Cecilia Bartoli n’a pas besoin de Steffani pour se faire un nom ; ce serait plutôt le contraire, et le compositeur a trouvé en elle une championne particulièrement enthousiaste et convaincante. À travers les ethos les plus variés, la cantatrice nous fait voyager au gré des émotions les plus diverses, tantôt tendres avec "Notte amica al cieco Dio", tantôt furieuses dans "Combatton quest’alma". La technique de la mezzo-soprano est toujours aussi impressionnante, que ce soit dans les vocalises vertigineuses des différents airs de bravoure ou dans les piqués incroyables de "Più non v’ascondo". Mais jamais la prouesse ne s'impose au détriment du plaisir de chanter. Le bonheur est tout aussi palpable dans les échanges avec les autres musiciens (Patxi Montero au violone et Rosario Conte au luth, pour ne citer qu'eux). Philippe Jaroussky, toujours aussi impérial, parvient sans peine à jouer en totale complémentarité avec la diva rossinienne, en complicité même. Et quel orchestre ! Depuis ses débuts baroqueux avec Il Giardino Armonico, Cecilia Bartoli a su s’entourer de la fine fleur des ensembles historiques, sans jamais faire de l’historicisme de bas étage.
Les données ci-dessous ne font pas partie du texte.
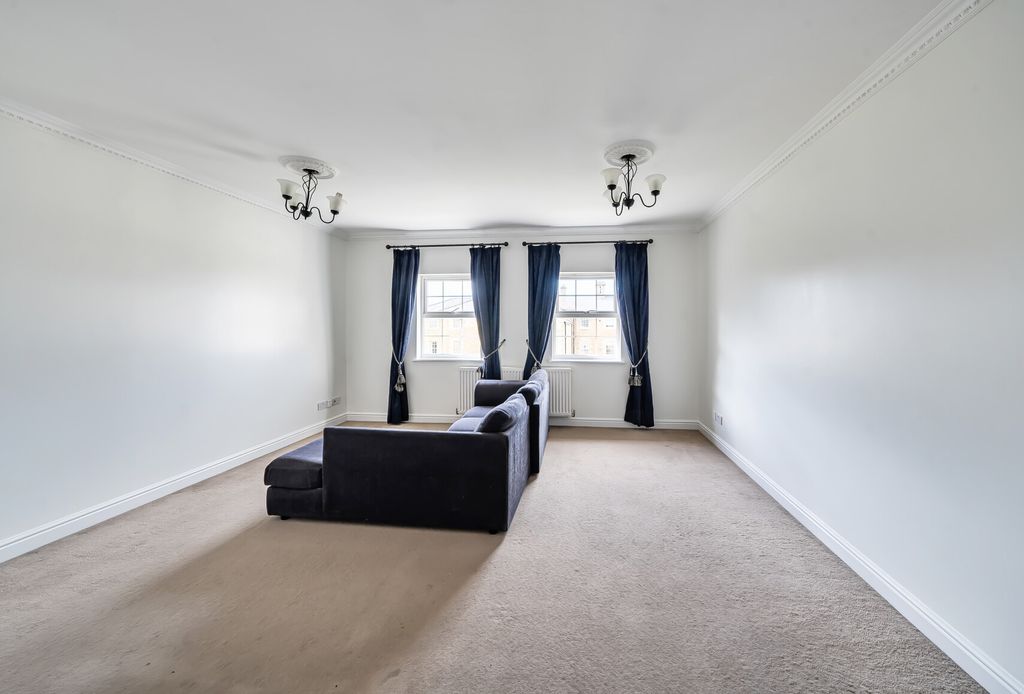 Property photo 3 of 30 1431757-10-69c40A...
Sa force et sa projection impressionnantes poussent les musiciens à se dépasser, tandis qu’elle sait idéalement dialoguer avec le timbre si caractéristique des instruments d’époque. Écoutez cette voix caressante imitant avec suavité la flûte à bec dans "Notte Amica…", ou encore cette parfaite imitation de la trompette baroque (qui, contrairement à la trompette moderne, est plus douce dans les aigus) dans "Tra le guerre et le vittorie". Encore de nouveaux aspects de cette voix unique ici révélés à nous !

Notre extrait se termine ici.